> _TASK OBJECTIVE_: Keep the images out and set the listing below down word for word.

> _DATASET EXCERPT_:
=== Section Start ===
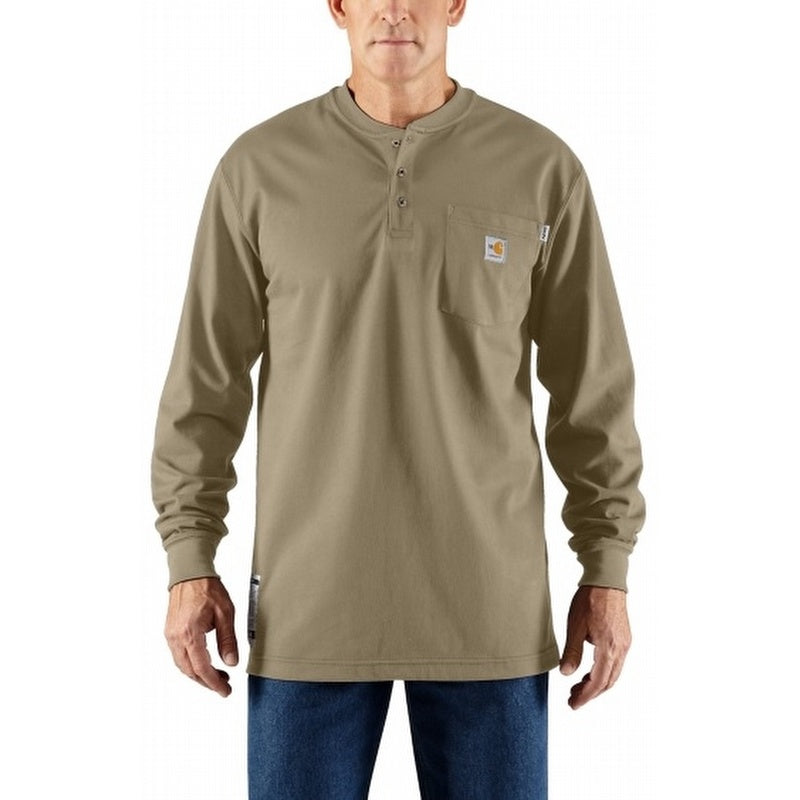 FLAME-RESISTANT CARHARTT FORCE® COTTON LONG-SLEEVE HENLEY 100237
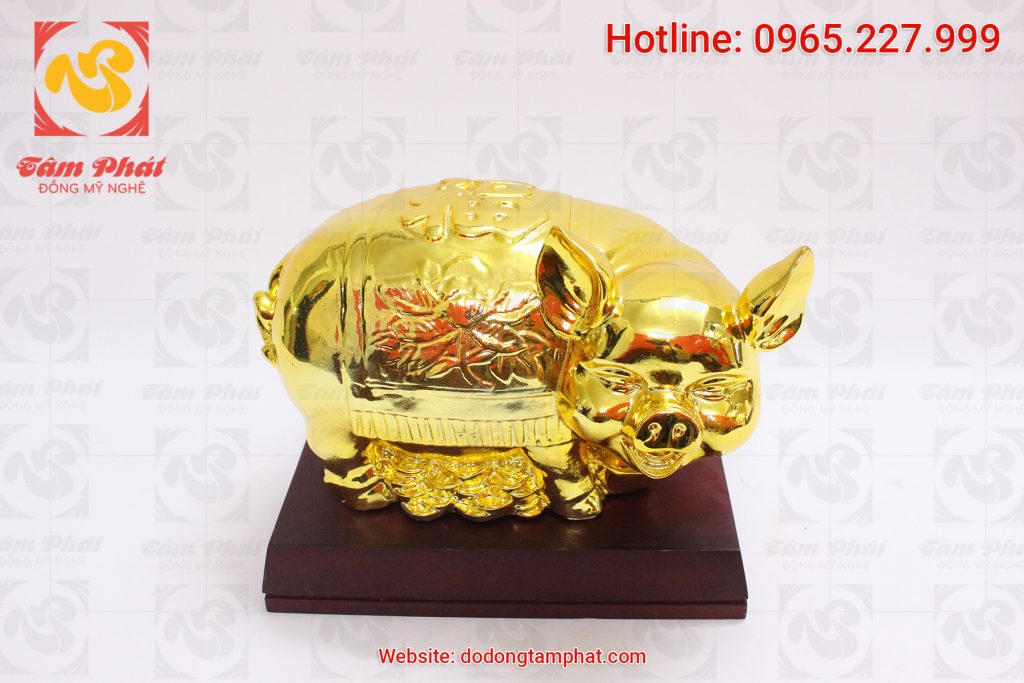 Lợn đồng phong thủy mạ vàng 24k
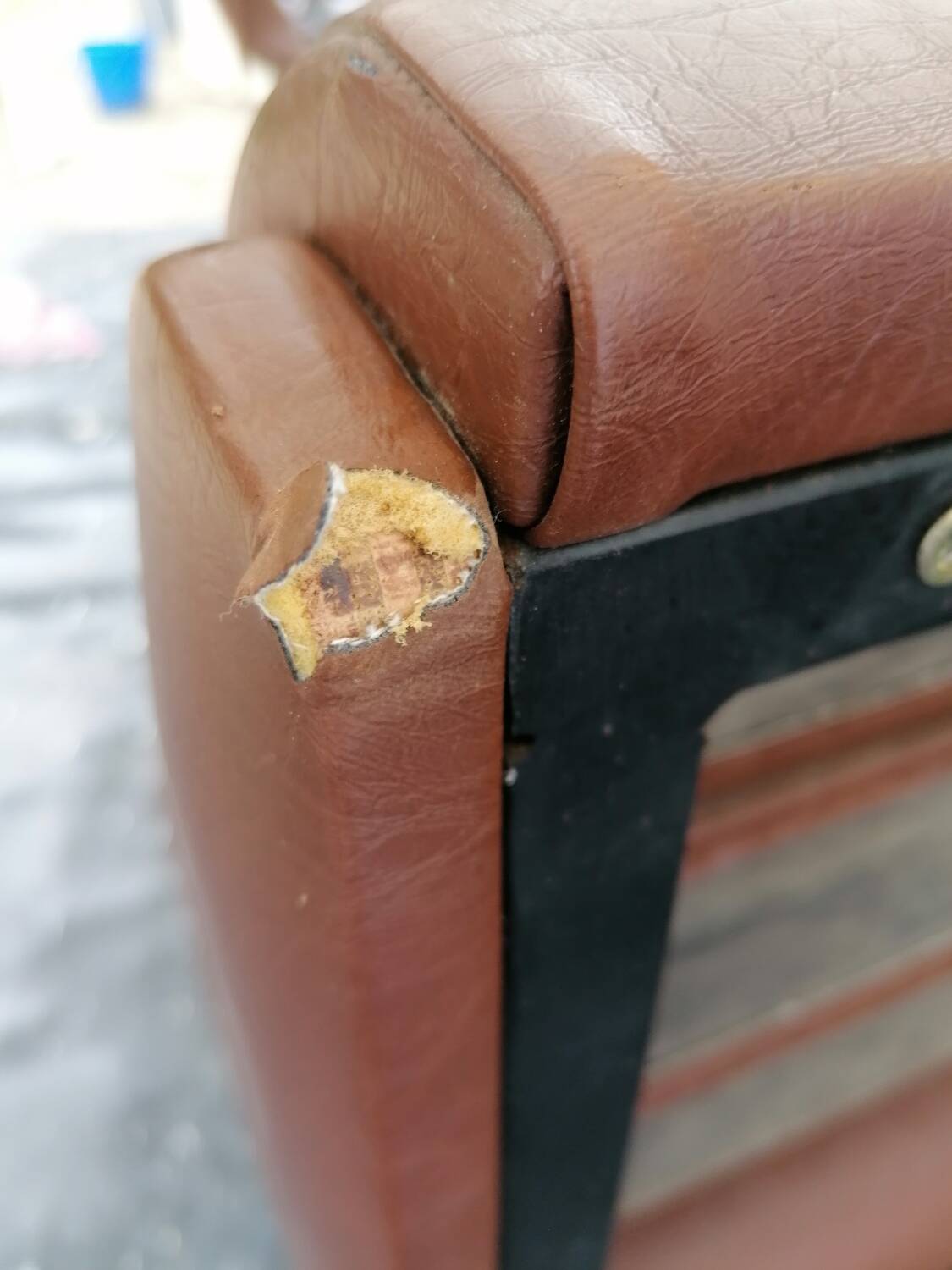 Faux leather bench seat, circa 1970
=== Section End ===
> _EXERCISE ANSWER_:
 FLAME-RESISTANT CARHARTT FORCE® COTTON LONG-SLEEVE HENLEY 100237
 Lợn đồng phong thủy mạ vàng 24k
 Faux leather bench seat, circa 1970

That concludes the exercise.